* What is required:
Restate exactly the lines from the top of the listing below to the line containing "Foto del paso"; the remaining lines are not wanted.

* Input:
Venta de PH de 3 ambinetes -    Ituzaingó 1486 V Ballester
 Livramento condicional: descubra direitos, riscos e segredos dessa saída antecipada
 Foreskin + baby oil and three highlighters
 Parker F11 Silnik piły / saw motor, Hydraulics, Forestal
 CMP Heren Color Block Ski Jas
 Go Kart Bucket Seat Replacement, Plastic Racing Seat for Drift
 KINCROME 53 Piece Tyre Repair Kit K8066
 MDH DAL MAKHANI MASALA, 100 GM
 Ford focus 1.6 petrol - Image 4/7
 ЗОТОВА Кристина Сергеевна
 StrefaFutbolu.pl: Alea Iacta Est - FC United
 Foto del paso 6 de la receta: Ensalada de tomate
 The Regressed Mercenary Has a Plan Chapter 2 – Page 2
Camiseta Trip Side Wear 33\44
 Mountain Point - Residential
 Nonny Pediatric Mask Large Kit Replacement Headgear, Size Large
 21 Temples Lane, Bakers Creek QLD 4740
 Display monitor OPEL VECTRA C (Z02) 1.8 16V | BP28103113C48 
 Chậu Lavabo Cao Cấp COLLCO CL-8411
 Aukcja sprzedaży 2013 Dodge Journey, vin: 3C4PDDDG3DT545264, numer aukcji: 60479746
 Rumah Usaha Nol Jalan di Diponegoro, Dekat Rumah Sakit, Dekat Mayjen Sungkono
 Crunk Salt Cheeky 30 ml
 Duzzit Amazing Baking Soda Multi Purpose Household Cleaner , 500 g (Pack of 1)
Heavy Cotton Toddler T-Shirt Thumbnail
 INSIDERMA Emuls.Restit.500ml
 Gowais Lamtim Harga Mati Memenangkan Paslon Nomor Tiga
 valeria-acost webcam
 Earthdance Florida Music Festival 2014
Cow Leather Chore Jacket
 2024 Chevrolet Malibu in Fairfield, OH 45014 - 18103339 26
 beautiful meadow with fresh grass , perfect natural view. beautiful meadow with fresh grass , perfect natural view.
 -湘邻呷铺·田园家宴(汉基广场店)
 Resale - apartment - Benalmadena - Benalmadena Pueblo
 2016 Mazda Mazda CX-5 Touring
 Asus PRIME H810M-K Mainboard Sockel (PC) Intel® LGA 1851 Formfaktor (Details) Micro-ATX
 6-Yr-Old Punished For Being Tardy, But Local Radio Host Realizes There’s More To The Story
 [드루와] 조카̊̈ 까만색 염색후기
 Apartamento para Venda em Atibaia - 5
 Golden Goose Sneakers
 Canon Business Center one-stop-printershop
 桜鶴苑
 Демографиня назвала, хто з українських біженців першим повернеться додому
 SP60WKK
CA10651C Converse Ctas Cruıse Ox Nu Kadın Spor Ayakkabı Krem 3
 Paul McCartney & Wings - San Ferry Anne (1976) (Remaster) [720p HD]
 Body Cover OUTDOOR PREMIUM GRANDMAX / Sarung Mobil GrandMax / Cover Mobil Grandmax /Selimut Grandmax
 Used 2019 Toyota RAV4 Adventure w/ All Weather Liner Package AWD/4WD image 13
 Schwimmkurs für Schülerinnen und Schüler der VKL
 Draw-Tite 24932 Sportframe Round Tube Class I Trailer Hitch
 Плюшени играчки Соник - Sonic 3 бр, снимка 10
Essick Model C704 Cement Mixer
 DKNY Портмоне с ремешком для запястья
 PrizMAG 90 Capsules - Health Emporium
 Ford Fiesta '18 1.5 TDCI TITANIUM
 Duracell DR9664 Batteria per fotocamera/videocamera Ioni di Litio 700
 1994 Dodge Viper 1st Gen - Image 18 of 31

* Result:
Venta de PH de 3 ambinetes -    Ituzaingó 1486 V Ballester
 Livramento condicional: descubra direitos, riscos e segredos dessa saída antecipada
 Foreskin + baby oil and three highlighters
 Parker F11 Silnik piły / saw motor, Hydraulics, Forestal
 CMP Heren Color Block Ski Jas
 Go Kart Bucket Seat Replacement, Plastic Racing Seat for Drift
 KINCROME 53 Piece Tyre Repair Kit K8066
 MDH DAL MAKHANI MASALA, 100 GM
 Ford focus 1.6 petrol - Image 4/7
 ЗОТОВА Кристина Сергеевна
 StrefaFutbolu.pl: Alea Iacta Est - FC United
 Foto del paso 6 de la receta: Ensalada de tomate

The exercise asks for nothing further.